Started in 2014, the Edinburgh Festival Fringe’s modest but diverse Taiwan Season has often provided some of the most exciting and interesting productions of the festival. This year it doesn’t disappoint, presenting five carefully curated works at both Dance Base and Summerhall.
The Season begins its Dance Base programme today with a performance of Kuo-Shin Chuang Pangcah Dance Theatre’s 038. This clearly meticulously researched work is based on the music and dance of the Amis people (part of the indigenous population of Taiwan), and explores notions of belonging, identity and home.
Dressed in unpretentious grey smocks, the dancers use the soft sound of their bare feet hitting the floor to accentuate their movements. Much of the dance is synchronous—common—but splinters off into individual shapes and fervours, only to return to its unison once again.
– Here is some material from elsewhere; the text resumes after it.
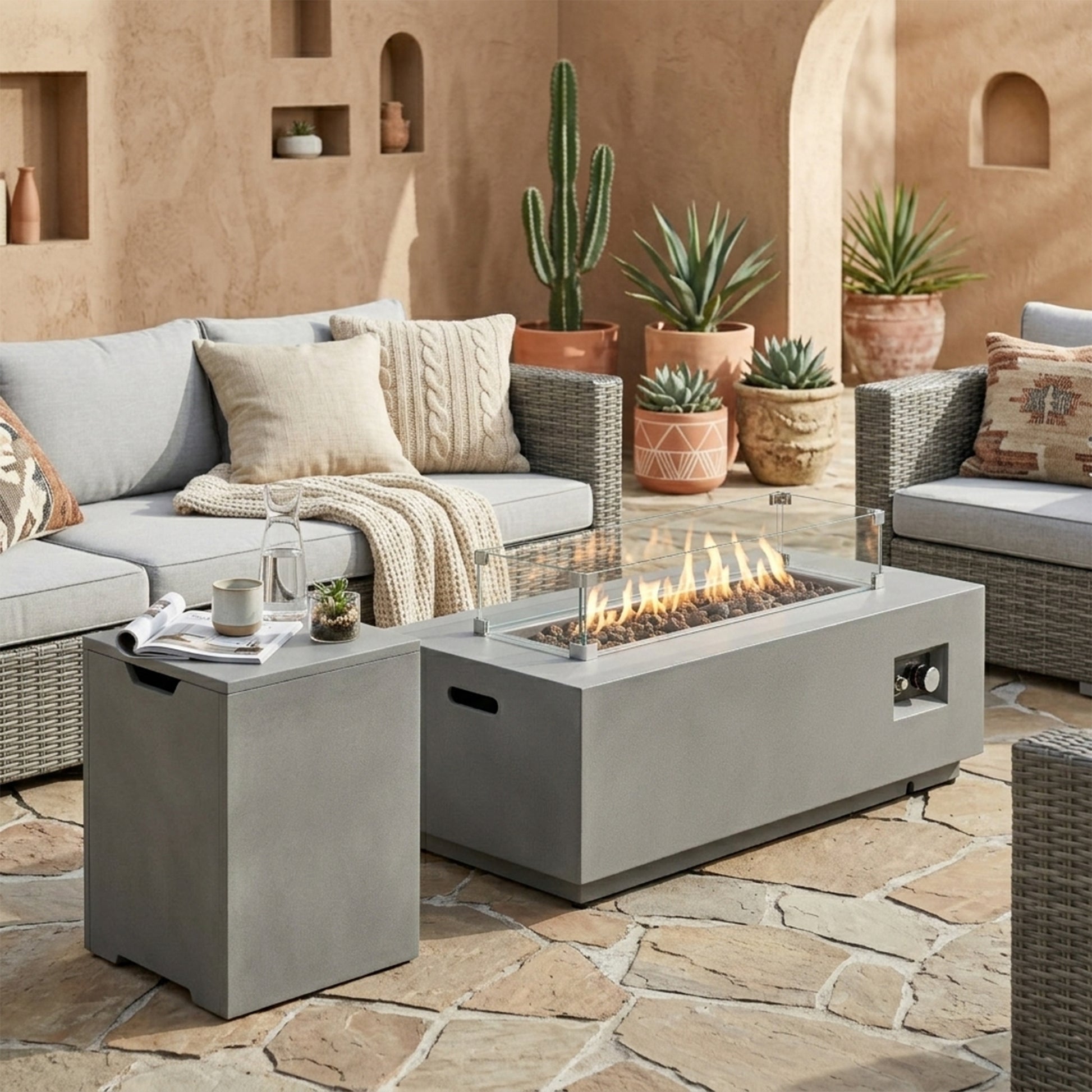 42" Propane Fire Pit Table - Gray Steel Outdoor Heating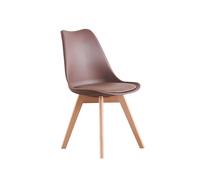 Single Scandinavian Dining Chair with Leather Cushions Solid Wood Legs Life Interiors Brown One Size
The dancer’s collective identities seem bound up in what feels like a need to dance together: despite their individuality, they cannot help but keep coming back to their roots.
What perhaps stands out most, in what turns out to be an incredible piece of work, is the sheer focus of the nine dancers, their impeccable movements and their amazing energy. Their connection to the dance and to each other creates an extraordinary sense of unity that is rare to see.
It is perhaps this unity—this tangible sense of closeness between the dancers—that makes the ending so moving: there is a real release of emotion there that can only come from experiences that are shared and understood collectively.
Coupled with excellent sound and lighting design, and a well-judged use of projection, this is an inspiring work that all lovers of contemporary dance really must see, ideally more than once!